Transparency and collaboration key to real estate decarbonisation

An image of the Earth to represent decarbonisationThe Urban Land Institute (ULI) has warned of a ‘carbon bubble’ in the pricing of European real estate and urged the industry to work together to preserve values across the sector as it aims to meet the decarbonisation targets set in the Paris Agreement. To support a more collaborative approach, at the inaugural ULI C Change Summit, the institute has published its Transition Risk Assessment Consultation Guidelines as part of its C Change programme. These guidelines set out a standardised method for assessing the costs of decarbonising buildings and disclosing between owners, investors, potential buyers, and valuers the main transition risks and impact on values.

ULI believes that the cost of doing nothing, given the current lack of regulation driving change, is currently not factored into property valuations, which means current building values are too high, resulting in the carbon bubble. If transition risk costs are not factored in now by owners, then the industry could face a major crisis on achieving decarbonisation if the bubble bursts due to a change in regulation or an economic shock, causing values to fall quickly. And this may happen rather sooner than later, given the current energy crisis, which may significantly impact rent affordability by tenants.

ULI Europe CEO, Lisette van Doorn, says, “All buildings have transition risks and we know that some leading market players have started to consider the costs of decarbonisation and started to act on it. However, we need to bring the wider industry on board, and spread the knowledge to speed up the process and prevent the bubble from bursting. We need to get the whole industry moving faster by building a strong case for a collaborative approach to transform existing stock.”

ULI’s supporting analysis suggests that the current approach by owners means that decarbonisation activity is focused on higher-value assets, predominantly in higher-value locations, e.g. prime offices in CBDs and high-end residential, where the cost-to-value ratio of retrofitting is lower. Without collaboration and transparency on transition risks, there is the danger of a two-tier market with a strong concentration of retrofitting activity in locations and of assets with higher values, while lower-value assets and locations are at threat of decline.

“Our combined goal should be the long-term preservation of values across all our buildings, keeping all of our cities and neighbourhoods investible and liquid. If we don’t act on real estate valuations, our industry’s significant contribution to climate change will continue and we will exacerbate social inequality.”

“The consultation guidelines help remove transition risks as a point of competitive advantage for the market and instead close the knowledge gap to the benefit of all owners and managers. If everyone is better educated on these risks, we can better achieve the broader goals of decarbonisation.”

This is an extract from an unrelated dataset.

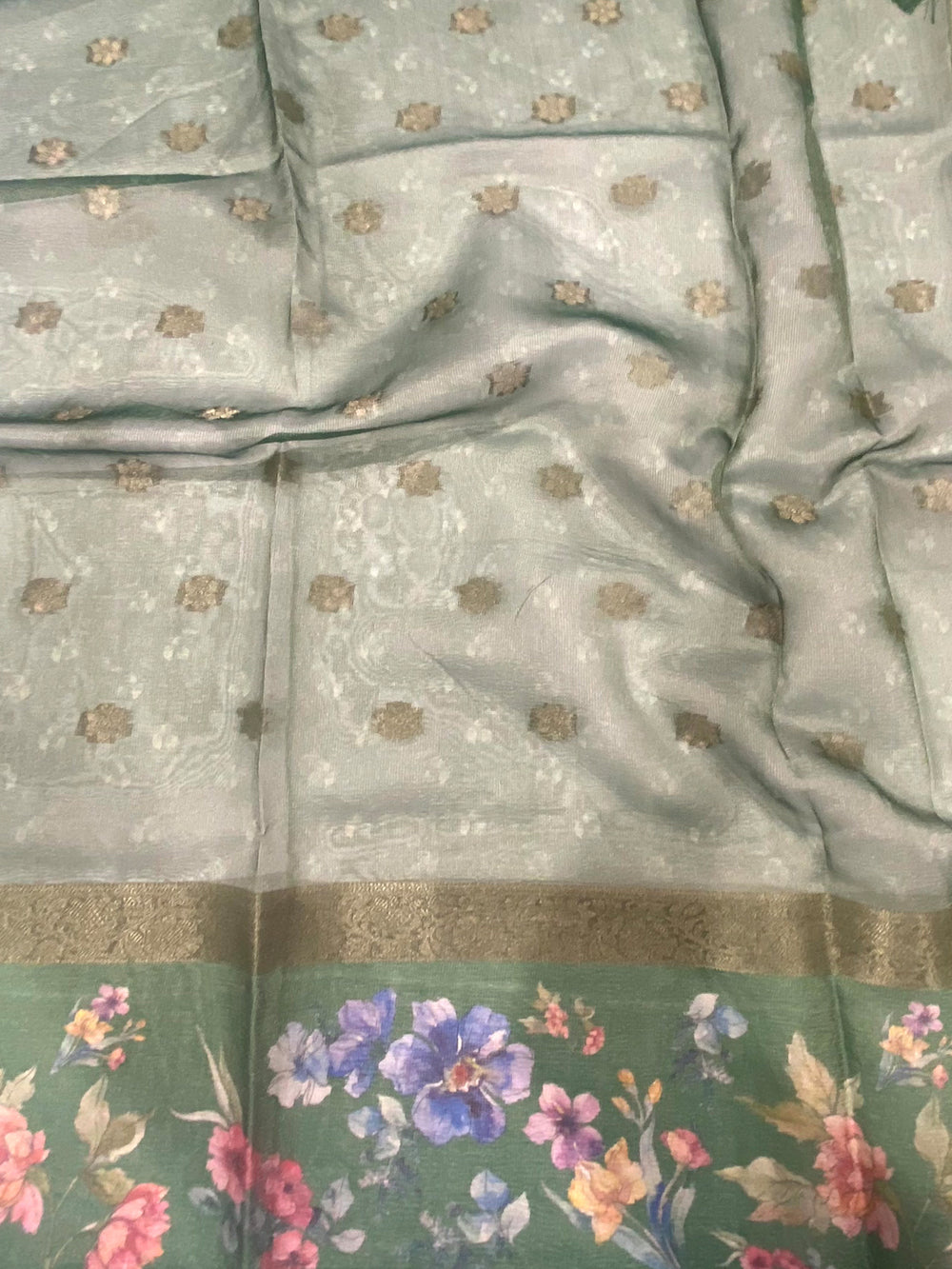 Dark Green Tissue Digital Floral Saree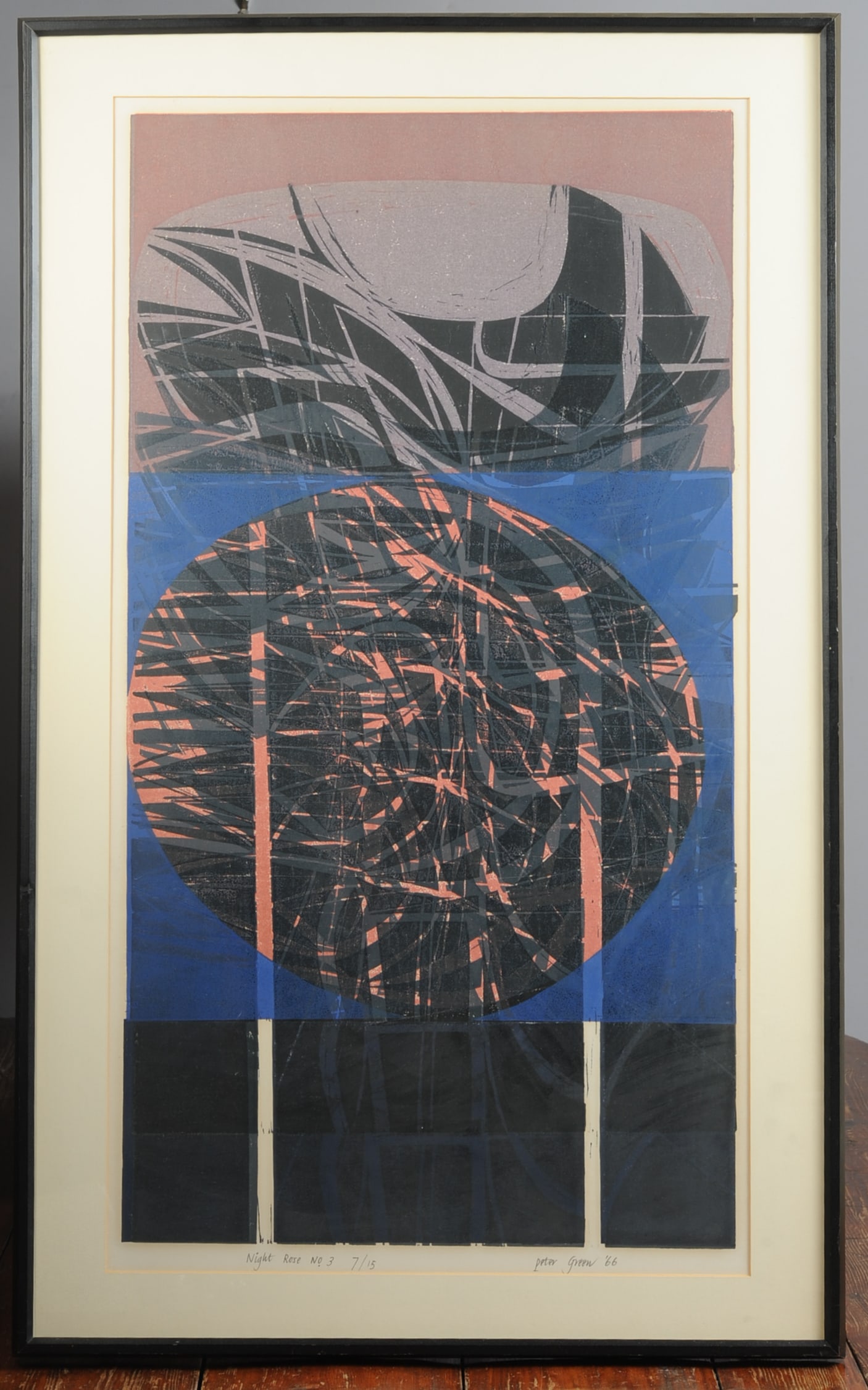 1966 Abstract Woodcut by Peter Green (1933-2023) (1 of 6)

ULI’s vision is for standardised disclosure of transition risks to aid in asset price negotiations and reporting to investors to make the risk visible and stimulate adequate action. The proposed guidance identifies nine transition risks of material impact to real estate assets that can be financially modelled, standardised and communicated. Those risks include the cost of decarbonisation, internal resourcing, energy costs, the carbon price, and embodied carbon, as well as the impact of decarbonisation on depreciation, changes in rental income and exit value.

The consultation also includes three standard templates for disclosure and reporting – a manager disclosure sheet, a valuation service provider disclosure sheet and an investor reporting sheet.

With the industry sharing information on transition risks, it will be able to build up an evidence base to support valuers to understand the impact on building values, and demonstrate some of the benefits to net income that decarbonisation can offer.

The draft consultation guidelines were prepared with the support of the founding partners of the ULI C Change programme, Allianz Real Estate, Arup, Catella, Hines, Immobel, Redevco and Schroders Capital, together with technical support from ULI Europe’s membership including more than 50 one-to-one interviews and a series of consultation workshops with around 100 experts.

ULI will now begin a period of consultation over the coming months and will be engaging with the industry individually, across companies and in specialist groups. More details will be published on the ULI C Change webpage.